» WHAT YOU ARE ASKED TO DO
Should an entry contain an image, omit it and repeat the rest exactly.

-- AVAILABLE DATA follows --

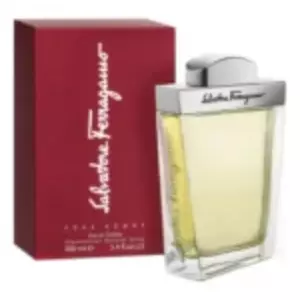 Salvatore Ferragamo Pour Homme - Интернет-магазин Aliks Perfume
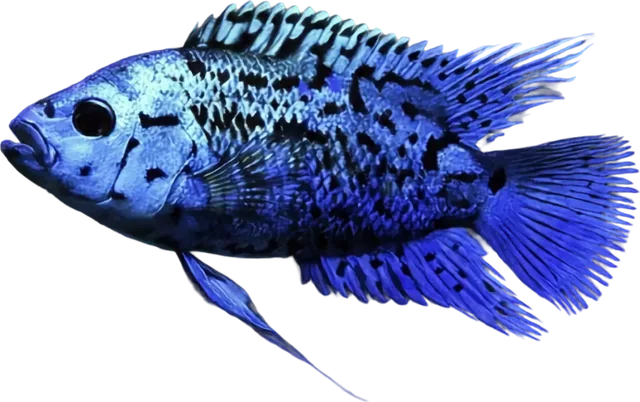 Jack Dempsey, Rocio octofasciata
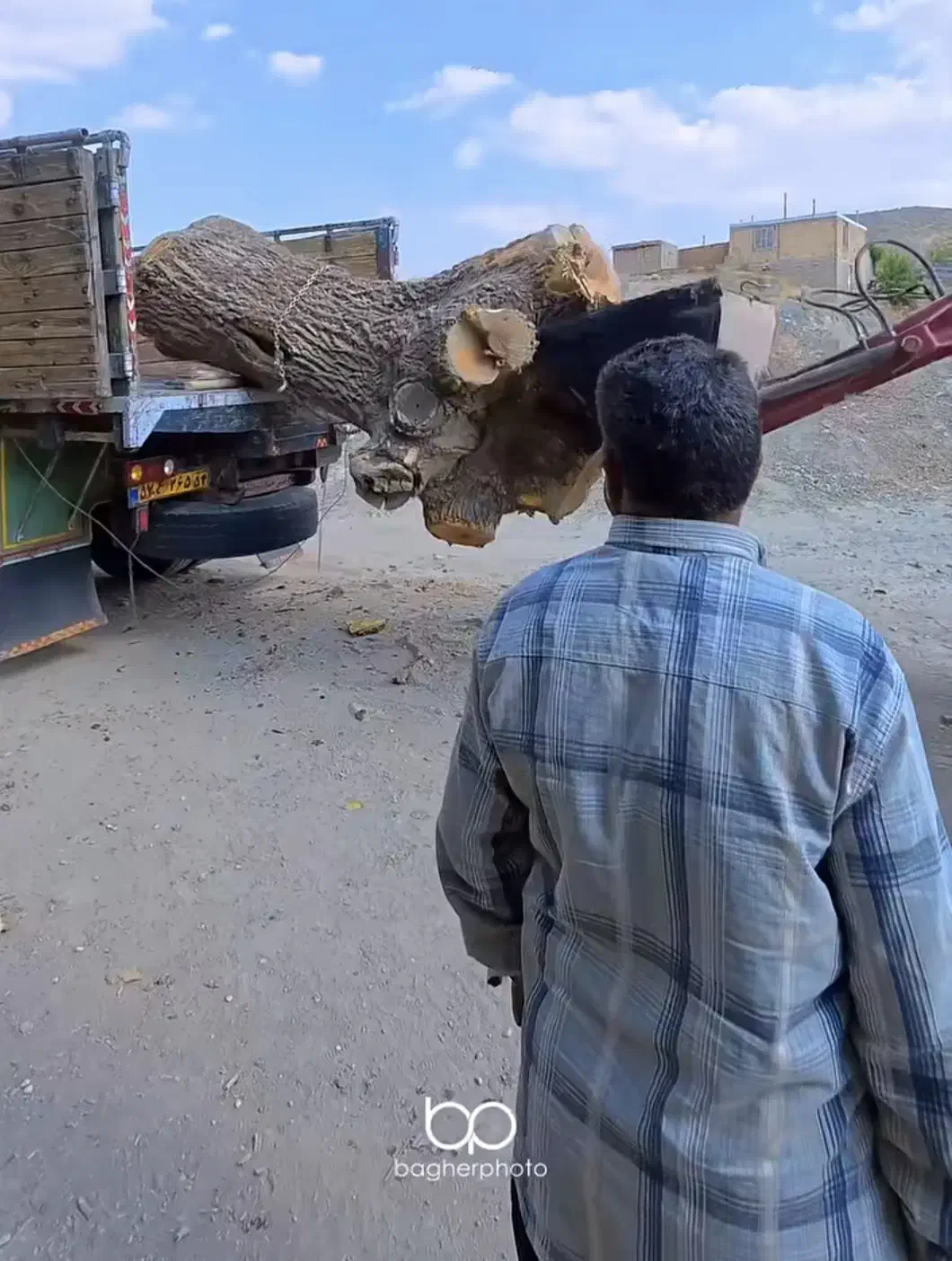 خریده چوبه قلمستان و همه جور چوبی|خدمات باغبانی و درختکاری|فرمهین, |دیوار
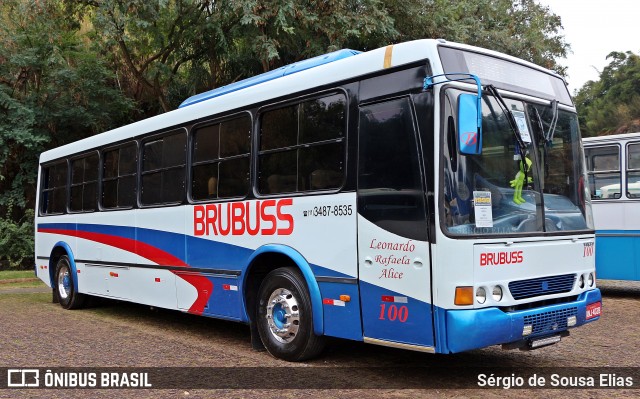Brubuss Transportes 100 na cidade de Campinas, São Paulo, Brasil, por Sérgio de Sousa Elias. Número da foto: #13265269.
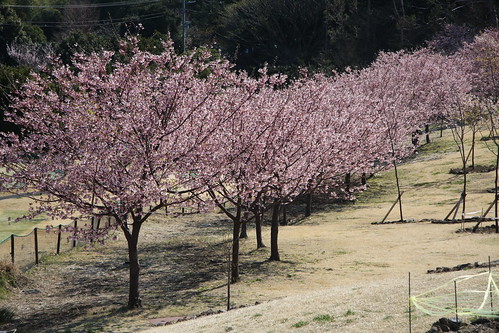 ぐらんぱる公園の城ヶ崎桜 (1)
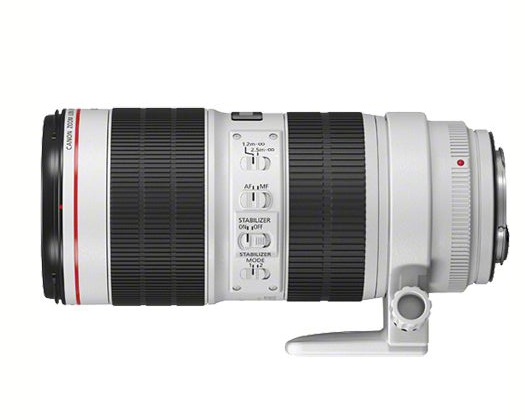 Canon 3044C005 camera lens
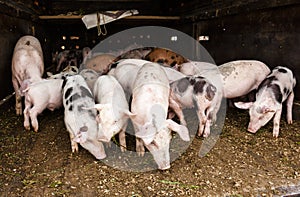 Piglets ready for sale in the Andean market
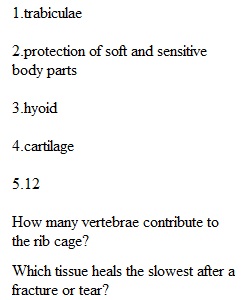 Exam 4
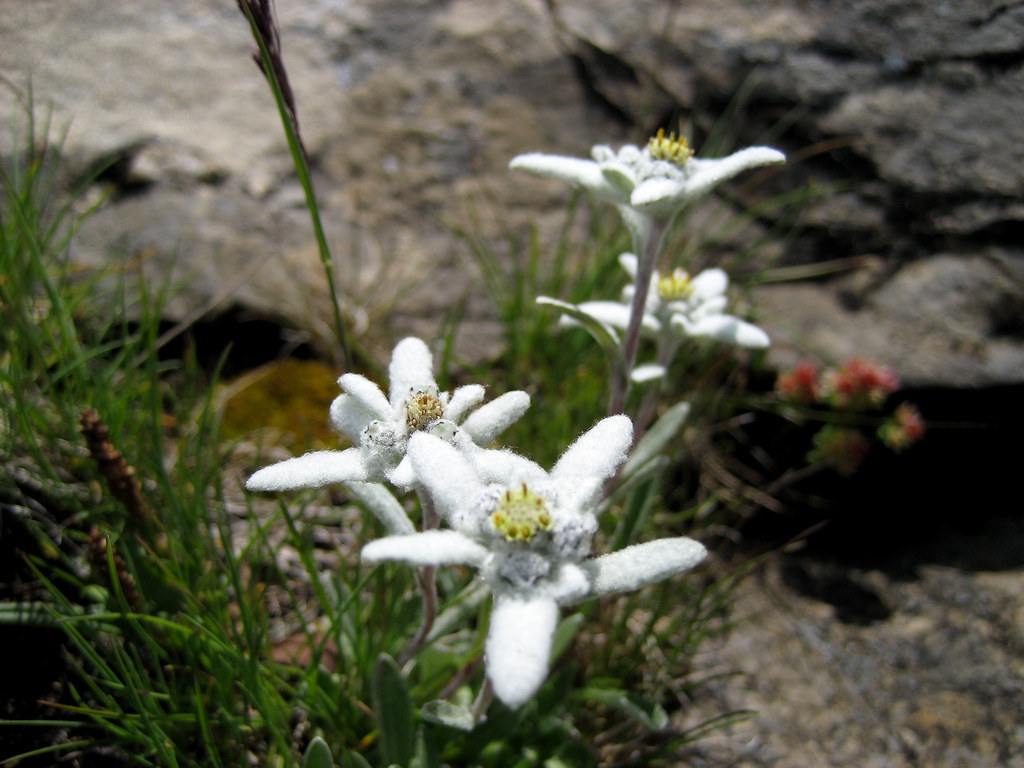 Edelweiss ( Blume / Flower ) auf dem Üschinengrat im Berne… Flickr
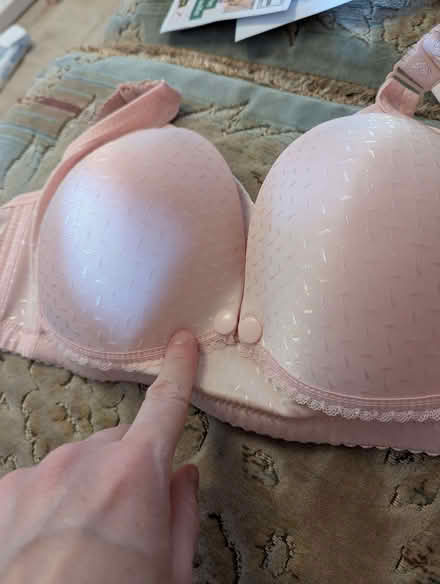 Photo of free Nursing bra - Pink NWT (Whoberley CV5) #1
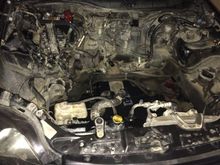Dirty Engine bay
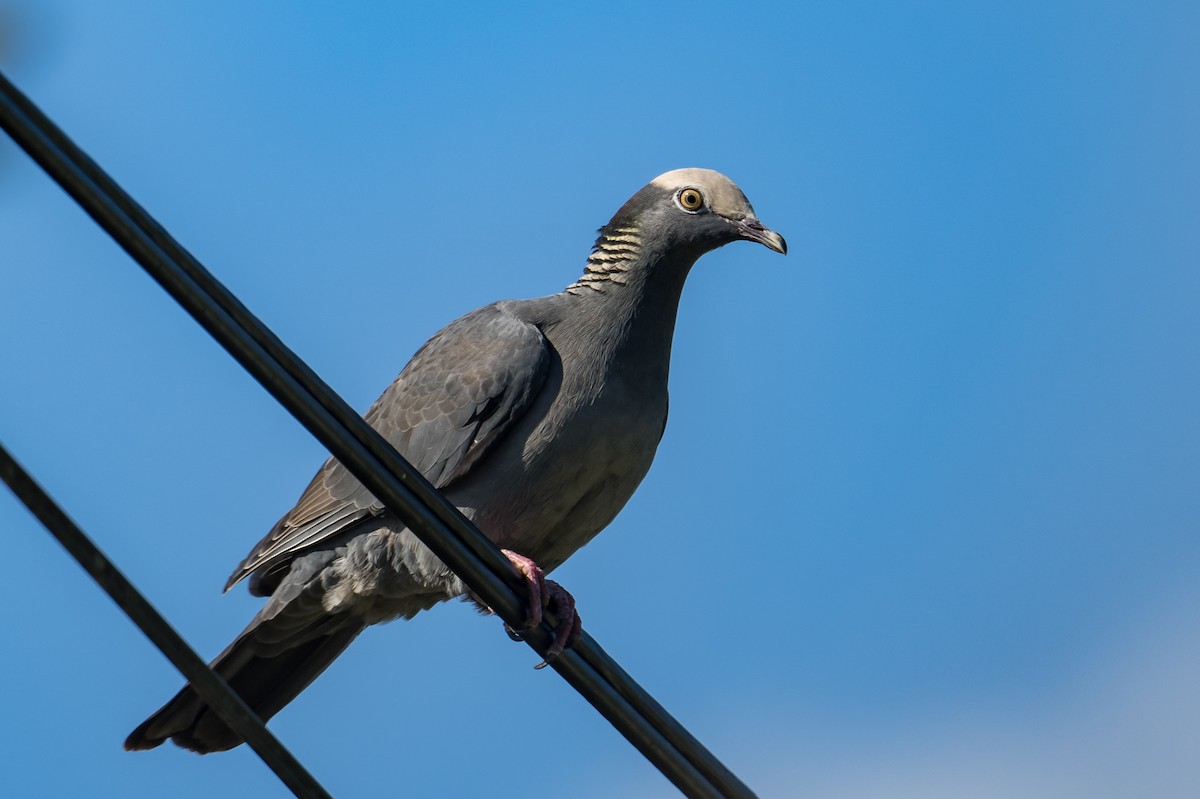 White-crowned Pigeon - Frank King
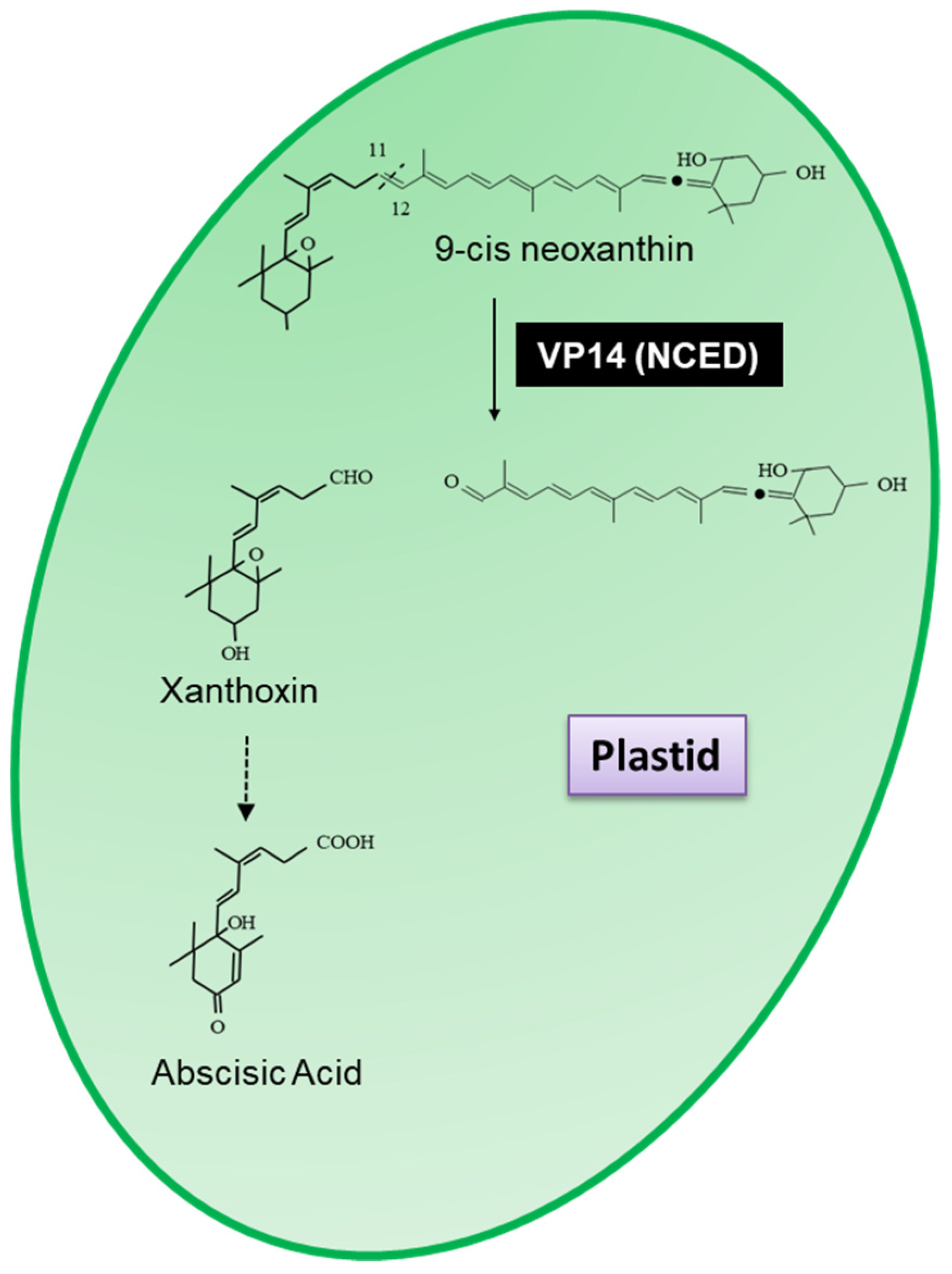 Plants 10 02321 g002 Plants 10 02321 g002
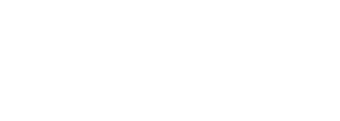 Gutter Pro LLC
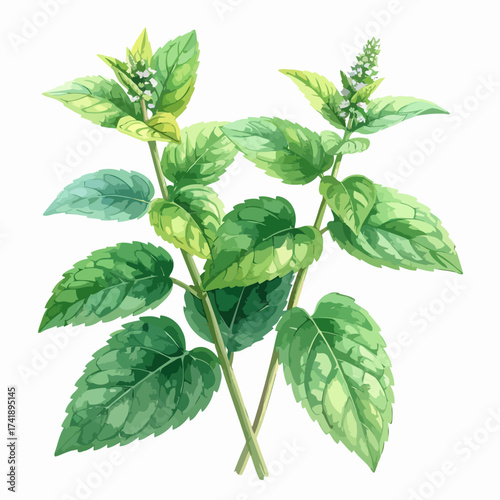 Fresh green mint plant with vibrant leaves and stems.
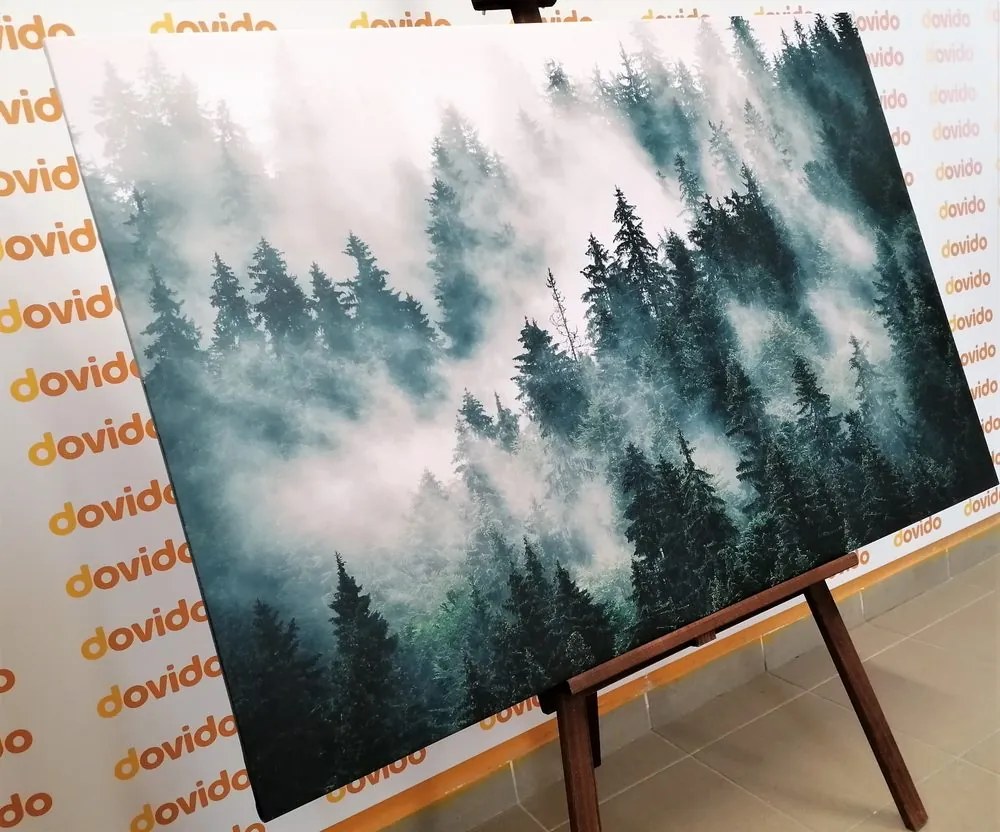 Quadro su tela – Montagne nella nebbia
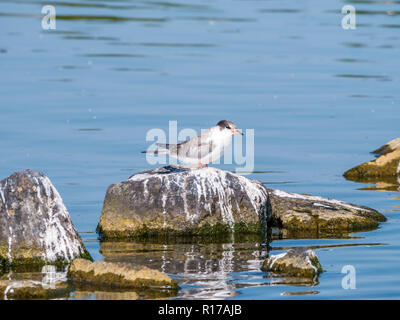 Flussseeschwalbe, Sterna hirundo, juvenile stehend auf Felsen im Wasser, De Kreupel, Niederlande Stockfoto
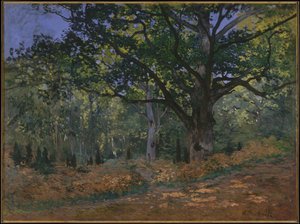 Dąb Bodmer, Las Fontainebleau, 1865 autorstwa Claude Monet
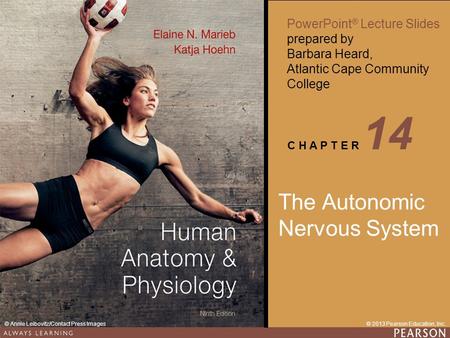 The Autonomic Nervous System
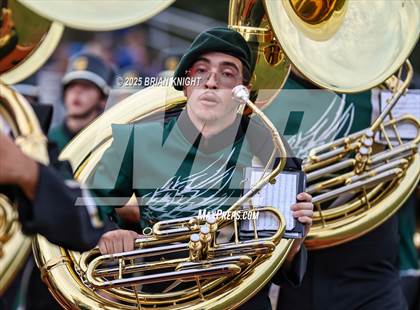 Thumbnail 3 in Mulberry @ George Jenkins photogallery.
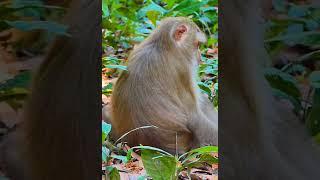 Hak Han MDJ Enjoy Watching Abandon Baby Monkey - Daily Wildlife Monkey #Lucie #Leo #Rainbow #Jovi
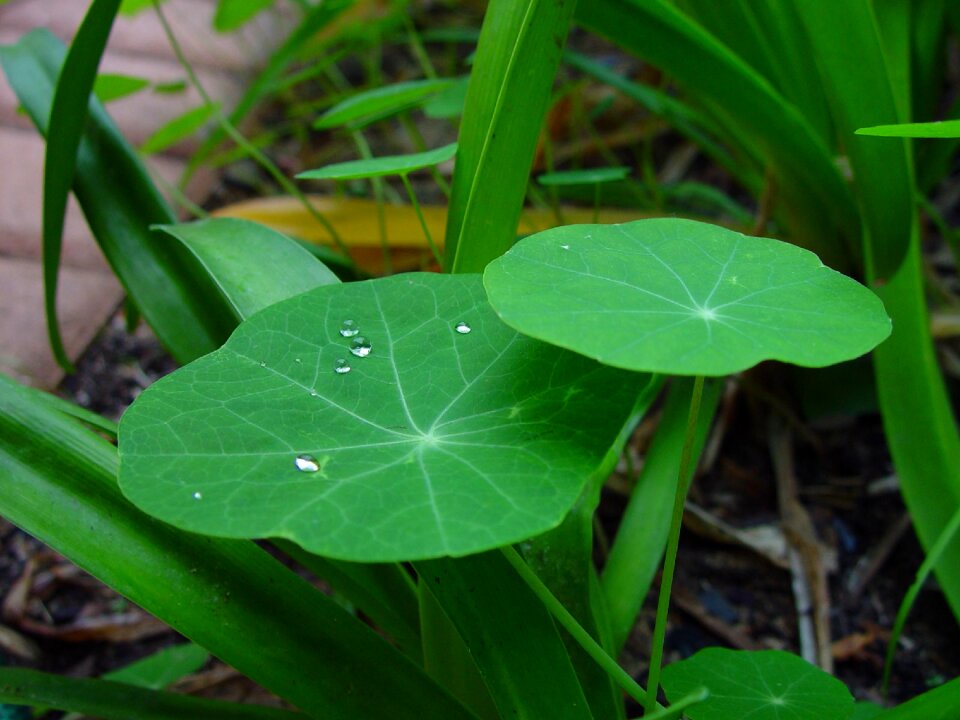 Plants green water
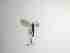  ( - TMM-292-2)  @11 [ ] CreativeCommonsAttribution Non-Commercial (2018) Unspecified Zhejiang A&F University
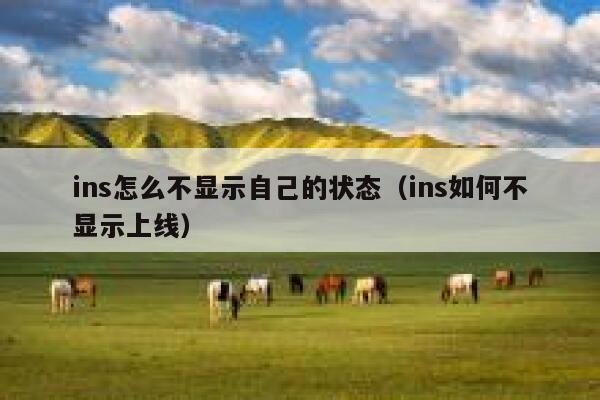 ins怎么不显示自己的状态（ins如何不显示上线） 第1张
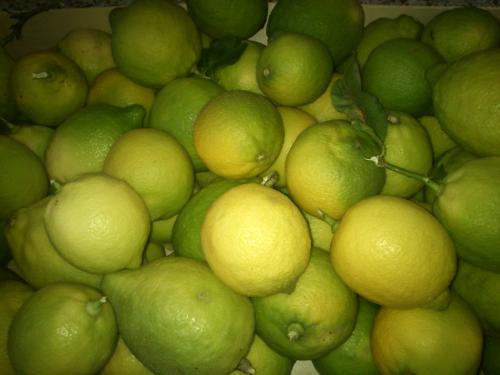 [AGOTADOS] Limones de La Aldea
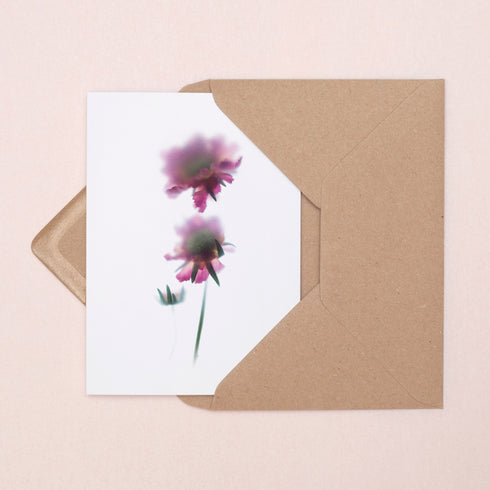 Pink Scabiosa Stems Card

-- AVAILABLE DATA concluded --

» WRITTEN RESPONSE
 Salvatore Ferragamo Pour Homme - Интернет-магазин Aliks Perfume
 Jack Dempsey, Rocio octofasciata
 خریده چوبه قلمستان و همه جور چوبی|خدمات باغبانی و درختکاری|فرمهین, |دیوار
Brubuss Transportes 100 na cidade de Campinas, São Paulo, Brasil, por Sérgio de Sousa Elias. Número da foto: #13265269.
 ぐらんぱる公園の城ヶ崎桜 (1)
 Canon 3044C005 camera lens
 Piglets ready for sale in the Andean market
 Exam 4
 Edelweiss ( Blume / Flower ) auf dem Üschinengrat im Berne… Flickr
 Photo of free Nursing bra - Pink NWT (Whoberley CV5) #1
Dirty Engine bay
 White-crowned Pigeon - Frank King
 Plants 10 02321 g002 Plants 10 02321 g002
 Gutter Pro LLC
 Fresh green mint plant with vibrant leaves and stems.
 Quadro su tela – Montagne nella nebbia
 Flussseeschwalbe, Sterna hirundo, juvenile stehend auf Felsen im Wasser, De Kreupel, Niederlande Stockfoto
 Dąb Bodmer, Las Fontainebleau, 1865 autorstwa Claude Monet
 The Autonomic Nervous System
 Thumbnail 3 in Mulberry @ George Jenkins photogallery.
 Hak Han MDJ Enjoy Watching Abandon Baby Monkey - Daily Wildlife Monkey #Lucie #Leo #Rainbow #Jovi
 Plants green water
  ( - TMM-292-2)  @11 [ ] CreativeCommonsAttribution Non-Commercial (2018) Unspecified Zhejiang A&F University
 ins怎么不显示自己的状态（ins如何不显示上线） 第1张
 [AGOTADOS] Limones de La Aldea
 Pink Scabiosa Stems Card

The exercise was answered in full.